(What is expected) Leave every image behind and restate the data word for word.

(Given material)
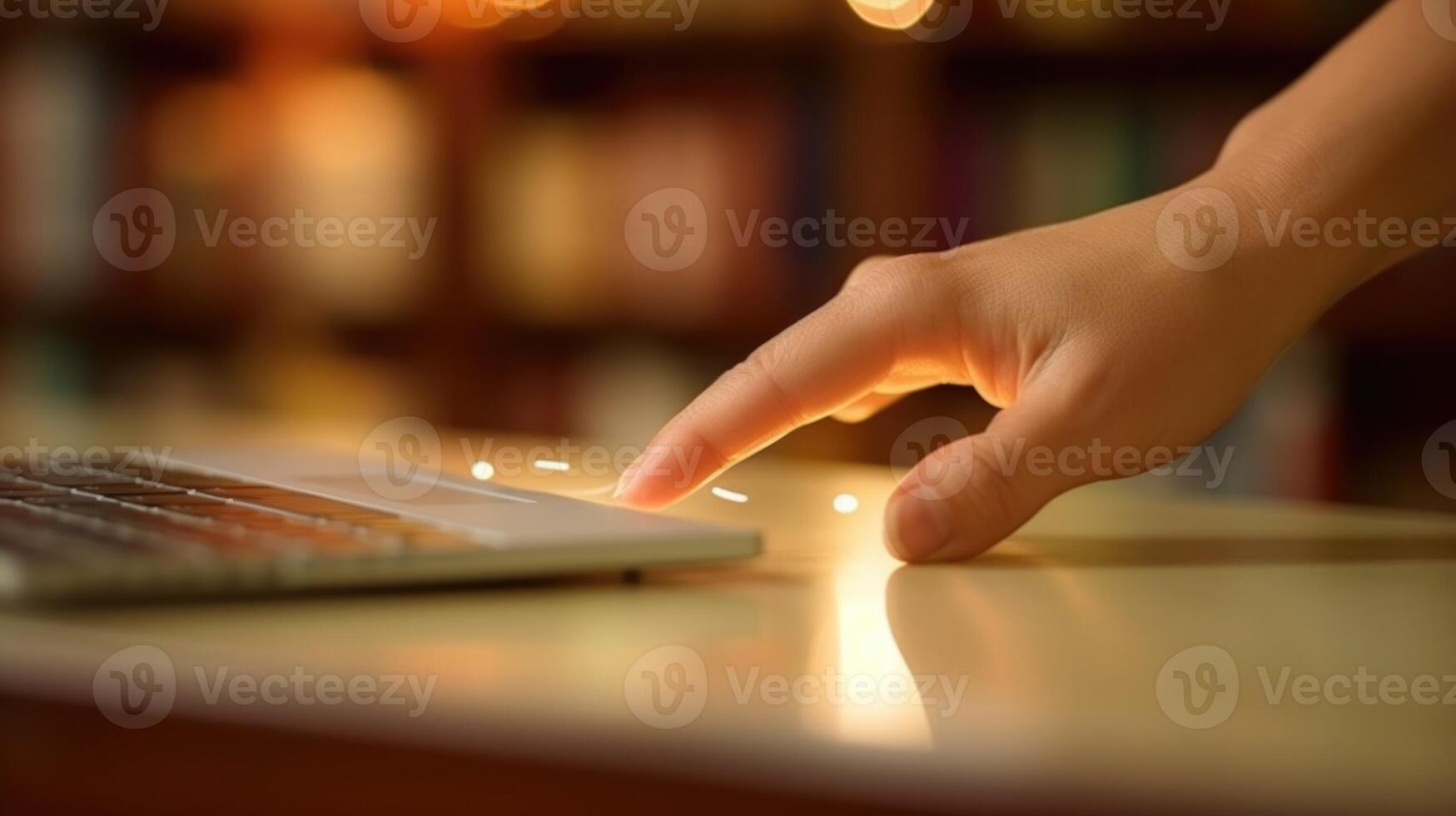 Closeup of a hand using a mouse to navigate through the virtual book club discussion platform. photo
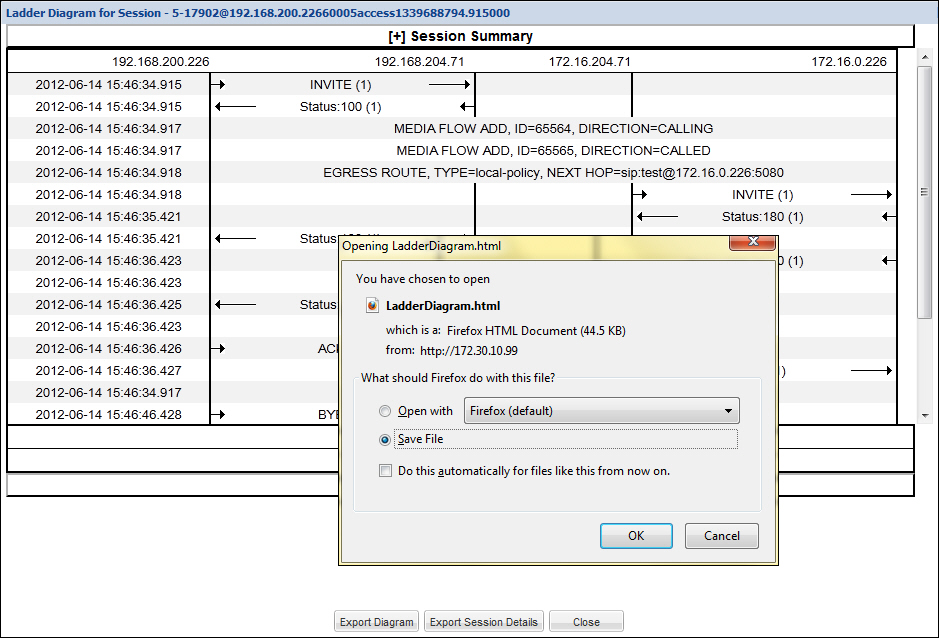 This screen capture shows a Session Summary report in the background. It shows the Open Ladder Diagram.html dialog in the foreground. In the dialog, you can either Open the file or Save the file. This screen capture shows a Session Summary report in the background. It shows the Open Ladder Diagram.html dialog in the foreground. In the dialog, you can either Open the file or Save the file.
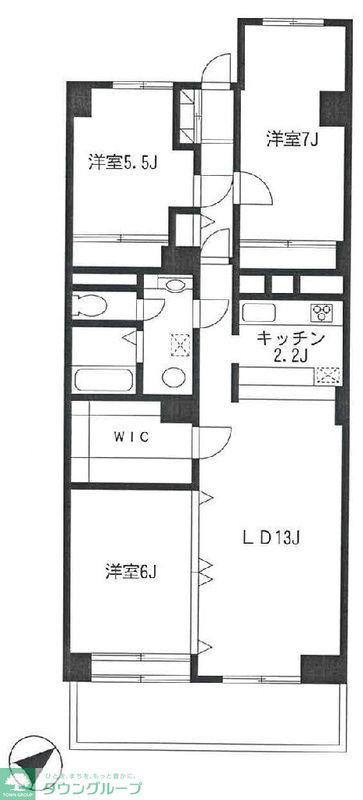 大倉山ハイム 2号棟 2号棟(3LDK/7階)の間取り写真
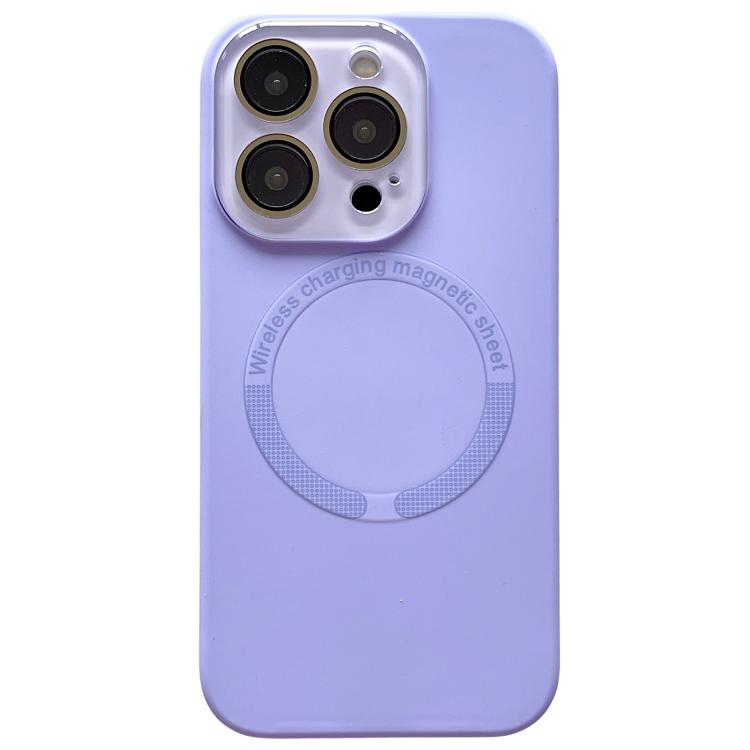 Small Window Acrylic Glass Lens MagSafe Silicone Phone Case, For iPhone 15 Pro Max, For iPhone 15 Pro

(Response to the exercise)
 Closeup of a hand using a mouse to navigate through the virtual book club discussion platform. photo
 This screen capture shows a Session Summary report in the background. It shows the Open Ladder Diagram.html dialog in the foreground. In the dialog, you can either Open the file or Save the file. This screen capture shows a Session Summary report in the background. It shows the Open Ladder Diagram.html dialog in the foreground. In the dialog, you can either Open the file or Save the file.
 大倉山ハイム 2号棟 2号棟(3LDK/7階)の間取り写真
 Small Window Acrylic Glass Lens MagSafe Silicone Phone Case, For iPhone 15 Pro Max, For iPhone 15 Pro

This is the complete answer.